* **DIRECTIONS**
Which lines in the data below contain the word "Design"? Return each of them.

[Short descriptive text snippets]
===

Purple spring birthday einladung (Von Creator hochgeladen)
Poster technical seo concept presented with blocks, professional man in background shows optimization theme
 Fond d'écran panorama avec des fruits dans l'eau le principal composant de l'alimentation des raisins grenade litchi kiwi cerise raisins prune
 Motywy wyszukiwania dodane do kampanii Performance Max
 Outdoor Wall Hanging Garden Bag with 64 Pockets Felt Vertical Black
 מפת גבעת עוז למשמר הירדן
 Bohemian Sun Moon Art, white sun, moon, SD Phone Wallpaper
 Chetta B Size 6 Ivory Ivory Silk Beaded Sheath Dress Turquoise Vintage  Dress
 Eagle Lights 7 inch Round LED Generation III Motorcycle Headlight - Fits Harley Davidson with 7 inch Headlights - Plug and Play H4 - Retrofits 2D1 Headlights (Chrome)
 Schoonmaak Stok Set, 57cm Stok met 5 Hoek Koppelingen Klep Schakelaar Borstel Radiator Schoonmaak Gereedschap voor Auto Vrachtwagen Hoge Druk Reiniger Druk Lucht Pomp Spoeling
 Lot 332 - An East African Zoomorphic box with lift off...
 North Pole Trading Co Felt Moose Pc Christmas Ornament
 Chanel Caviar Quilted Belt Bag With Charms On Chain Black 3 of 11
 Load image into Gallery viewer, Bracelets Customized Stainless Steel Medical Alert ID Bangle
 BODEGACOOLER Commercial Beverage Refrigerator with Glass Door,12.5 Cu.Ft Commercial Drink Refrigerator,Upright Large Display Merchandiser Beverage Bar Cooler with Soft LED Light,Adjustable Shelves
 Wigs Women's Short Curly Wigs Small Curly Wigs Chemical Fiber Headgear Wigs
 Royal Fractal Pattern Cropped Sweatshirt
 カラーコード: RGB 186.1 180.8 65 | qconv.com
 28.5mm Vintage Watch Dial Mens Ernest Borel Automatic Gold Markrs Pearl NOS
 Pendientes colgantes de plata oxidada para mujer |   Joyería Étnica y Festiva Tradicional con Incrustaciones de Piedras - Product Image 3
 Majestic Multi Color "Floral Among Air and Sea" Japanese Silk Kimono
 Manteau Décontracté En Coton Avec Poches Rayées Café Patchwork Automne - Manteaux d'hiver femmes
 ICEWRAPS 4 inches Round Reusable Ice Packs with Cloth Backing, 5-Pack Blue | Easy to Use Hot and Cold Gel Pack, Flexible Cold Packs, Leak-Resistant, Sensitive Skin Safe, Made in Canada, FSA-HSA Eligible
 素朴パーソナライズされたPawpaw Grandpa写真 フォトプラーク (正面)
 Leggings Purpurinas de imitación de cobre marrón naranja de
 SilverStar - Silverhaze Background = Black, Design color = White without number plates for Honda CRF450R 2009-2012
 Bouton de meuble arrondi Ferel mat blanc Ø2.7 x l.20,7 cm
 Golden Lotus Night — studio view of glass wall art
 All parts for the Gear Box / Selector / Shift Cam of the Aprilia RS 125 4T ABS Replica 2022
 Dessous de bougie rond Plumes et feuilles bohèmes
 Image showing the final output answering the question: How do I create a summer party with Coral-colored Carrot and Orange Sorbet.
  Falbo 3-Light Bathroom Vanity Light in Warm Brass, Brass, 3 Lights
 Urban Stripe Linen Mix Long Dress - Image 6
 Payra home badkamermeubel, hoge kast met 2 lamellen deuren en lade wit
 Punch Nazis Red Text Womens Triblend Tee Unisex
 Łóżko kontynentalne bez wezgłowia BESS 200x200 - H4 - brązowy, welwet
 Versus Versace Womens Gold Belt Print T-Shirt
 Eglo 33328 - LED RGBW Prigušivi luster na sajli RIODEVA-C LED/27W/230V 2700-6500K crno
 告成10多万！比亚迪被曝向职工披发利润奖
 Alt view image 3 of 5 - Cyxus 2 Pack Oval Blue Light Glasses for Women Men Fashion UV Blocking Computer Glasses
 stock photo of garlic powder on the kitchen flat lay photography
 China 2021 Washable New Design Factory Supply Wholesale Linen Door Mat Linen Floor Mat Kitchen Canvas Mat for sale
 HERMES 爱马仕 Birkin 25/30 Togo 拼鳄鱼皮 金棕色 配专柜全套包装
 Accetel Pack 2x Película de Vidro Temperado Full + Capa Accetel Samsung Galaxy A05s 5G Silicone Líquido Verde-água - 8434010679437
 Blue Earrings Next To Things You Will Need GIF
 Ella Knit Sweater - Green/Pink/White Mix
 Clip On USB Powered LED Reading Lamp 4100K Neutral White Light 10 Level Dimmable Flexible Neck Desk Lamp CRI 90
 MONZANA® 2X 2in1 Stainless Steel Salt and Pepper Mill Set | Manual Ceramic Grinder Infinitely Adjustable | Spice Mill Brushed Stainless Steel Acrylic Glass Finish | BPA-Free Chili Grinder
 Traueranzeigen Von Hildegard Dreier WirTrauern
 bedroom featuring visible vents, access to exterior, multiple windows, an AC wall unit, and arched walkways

===

* **SOLUTION TO THIS PROBLEM**
 SilverStar - Silverhaze Background = Black, Design color = White without number plates for Honda CRF450R 2009-2012
 China 2021 Washable New Design Factory Supply Wholesale Linen Door Mat Linen Floor Mat Kitchen Canvas Mat for sale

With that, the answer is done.